Study notes: Well-behaved training in Deep Neural Networks

Study notes for The lazy (NTK) and rich (µP) regimes: A gentle tutorial by Dhruva Karkada and A Spectral Condition for Feature Learning by Greg Yang, James B. Simon and Jeremy Bernstein.

Core Idea

For a deep neural network, it is crucial to ensure well-behaved training, where updates in response to the training data are relevant, efficient, and balanced across neurons and layers. One effective approach to achieving this is by carefully designing the initialization strategy for each layer and assigning layer-specific learning rates. In this framework, the training dynamics are controlled by a single degree of freedom, known as richness, which governs the extent of feature learning versus kernel-like (lazy) behavior.

Mathematical Notation

The scaling notation \(O, \Omega\) and \(\Theta\) will be commonly used in this note. Given functions \(f\) and \(g\). We say \(f=O(g)\) if \(f\) scales no faster than \(g\), i.e., there exists a constant \(C>0\) such that \(f(n)\leq C\cdot g(n)\) for sufficiently large \(n\); we say \(f=\Omega(g)\) if \(f\) scales at least as fast as \(g\), i.e., there exists a constant \(c>0\) such that \(f(n)\geq c\cdot g(n)\) for sufficiently large \(n\); we say \(f=\Theta(g)\) if \(f=O(g)\) and \(f=\Omega(g)\).
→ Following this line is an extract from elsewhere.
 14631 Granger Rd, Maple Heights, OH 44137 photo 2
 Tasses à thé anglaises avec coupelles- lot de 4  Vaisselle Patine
Regarding vector and matrix operations, I use \(\mathbf{a} \otimes \mathbf{b}\) to denote outer-product of two vectors \(\mathbf{a}\) and \(\mathbf{b}\). \(\Delta\) is used to denote changes, especially changes across a single optimization step.

Regarding deep learning, I primarily focus on multilayer perceptron (MLP). In this note, I use \(W_l\) to denote the weight matrix of the \(l\)th layer, \(g_l\) to denote the scalar gradient multiplier at layer \(l\), and \(h_l(\mathbf{x})\in \mathbb{R}^{n_l}\) to denote the features of input \(\mathbf{x}\) at layer \(l\) with size \(n_l\). Formally, \(h_l(\mathbf{x})\) is recursively defined as

\[h_l(\mathbf{x})=\left\{ \begin{array}{ll} g_lW_lh_{l-1}(\mathbf{x}) & \text{if } l > 0 \\ \mathbf{x} & \text{if } l = 0 \end{array} \right.\]

In addition, \(\mathcal{L}\) is used to denote the scalar loss.

Desideratum

What are the criteria to say a training as well-behaved? Let’s first consider how a signal from a single input \(\mathbb{x}\) changes after a gradient descend step. At layer \(l, l>0\), after updating the weights by \(\Delta W_l\), the new representation becomes

\[h_l+\Delta h_l = g_l(W_l+\Delta W_l)(h_{l-1}+\Delta h_{l_1})\]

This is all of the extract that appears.